PAGE 7
"A Mad World, My Masters"
by
But what can a poor Government do, whose strength consists (as that of all English Governments must) in not seeming too strong; which is allowed to do anything, only on condition of doing the minimum? Of course, a Government is morally bound to keep itself in existence; for is it not bound to believe that it can govern the country better than any other knot of men? But its only chance of self-preservation is to know, with Hesiod’s wise man, “how much better the half is than the whole,” and to throw over many a measure which it would like to carry, for the sake of saving the few which it can carry.
An English Government, nowadays, is simply at the mercy of the forty or fifty members of the House of Commons who are crotchety enough or dishonest enough to put it unexpectedly in a minority; and they, with the vast majority of the House, are becoming more and more the delegates of that very class which is most opposed to Sanitary Reform. The honourable member goes to Parliament not to express his opinions, (for he has stated most distinctly at the last election that he has no opinions whatsoever), but to protect the local interests of his constituents. And the great majority of those constituents are small houseowners–the poorer portion of the middle class. Were he to support Government in anything like a sweeping measure of Sanitary Reform, woe to his seat at the next election; and he knows it; and therefore, even if he allow the Government to have its Central Board of Health, he will take good care, for his own sake, that the said Board shall not do too much, and that it shall not compel his constituents to do anything at all.

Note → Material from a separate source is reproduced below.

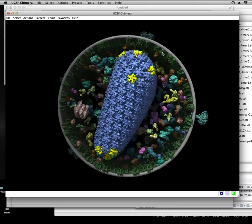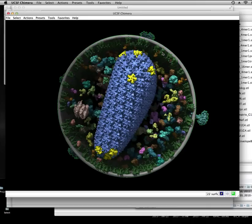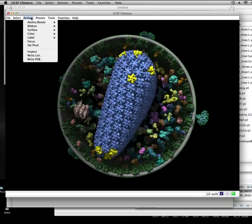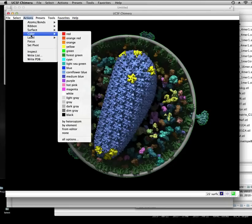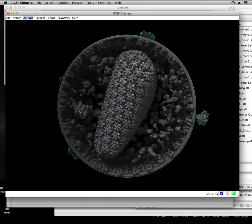But I'm going to start just by making everything gray. I hold control, select one thing, and let's just select the entire object. I'm going to go to Action, Color, Dim Gray.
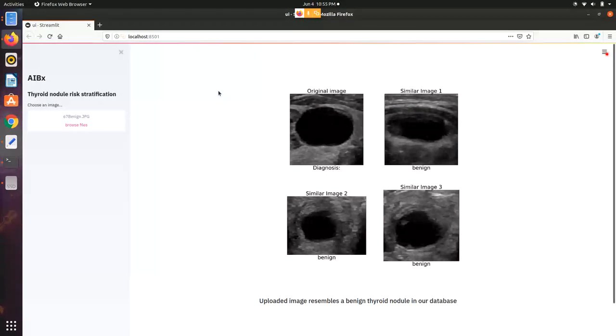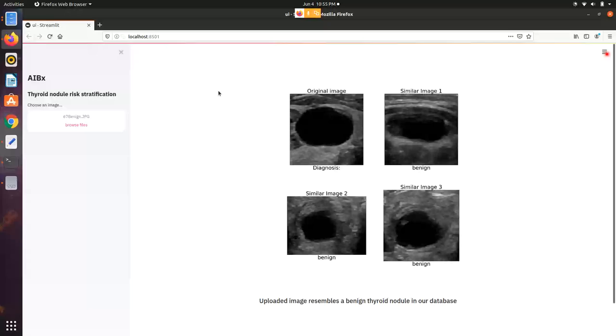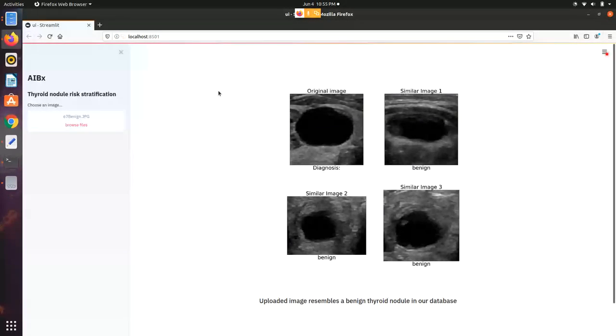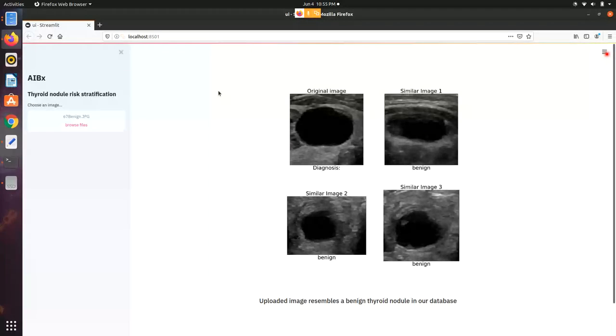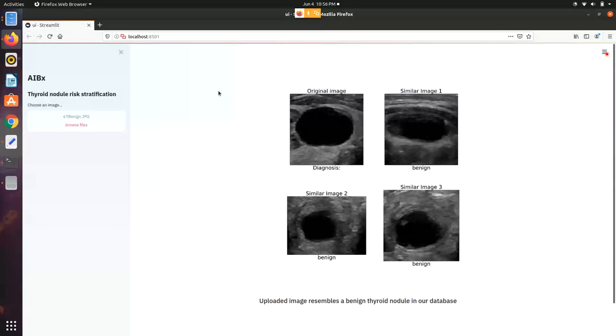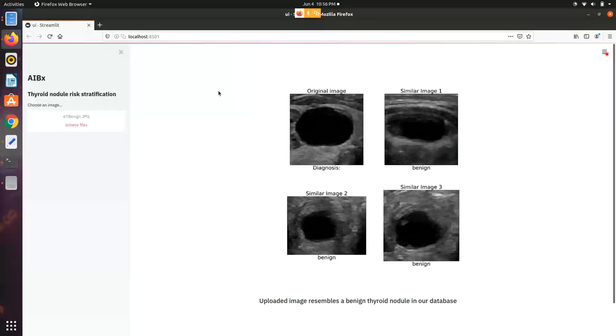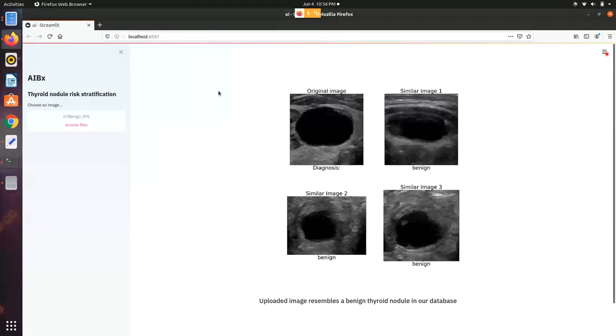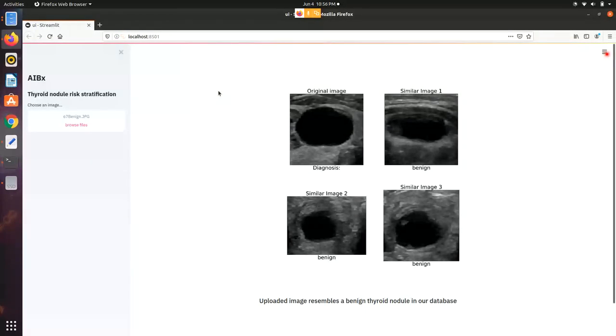Initially, I used Kiwi to create a user interface for our latest research. In this research, we used artificial intelligence to find images that are similar to test images. Then we display those similar images along with the diagnosis. It was very easy to create a user interface using Streamlit.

No wonder, that while the attitude of the House of Commons is such toward a matter which involves the lives of thousands yearly, some educated men should be crying that Representative institutions are on their trial, and should sigh for a strong despotism.
There is an answer, nevertheless, to such sentimentalists, and one hopes that people will see the answer for themselves, and that the infection of Imperialism, which seems spreading somewhat rapidly, will be stopped by common sense and honest observation of facts.
A despotism doubtless could carry out Sanitary Reform: but doubtless, also, it would not.
A despot in the nineteenth century knows well how insecure his tenure is. His motto must be, “Let us eat and drink, for to- morrow we die;” and, therefore, the first objects of his rule will be, private luxury and a standing army; while if he engage in public works, for the sake of keeping the populace quiet, they will be certain not to be such as will embroil him with the middle classes, while they will win him no additional favour with the masses, utterly unaware of their necessity. Would the masses of Paris have thanked Louis Napoleon the more if, instead of completing the Tuileries, he had sewered the St. Antoine? All arguments to the contrary are utterly fallacious, which are drawn from ancient despotisms, Roman, Eastern, Peruvian, or other; and for this simple reason, that they had no middle class. If they did work well (which is a question) it was just because they had no middle class–that class, which in a free State is the very life of a nation, and yet which, in a despotism, is sure to be the root of its rottenness. For a despot who finds, as Louis Napoleon has done, a strong middle class already existing, must treat it as he does; he must truckle to it, pander to its basest propensities, seem to make himself its tool, in order that he may make it his. For the sake of his own life, he must do it; and were a despot to govern England tomorrow, we should see that the man who was shrewd enough to have climbed to that bad eminence, would be shrewd enough to know that he could scarcely commit a more suicidal act than, by some despotic measure of Sanitary Reform, to excite the ill-will of all the most covetous, the most stupid, and the most stubborn men in every town of England.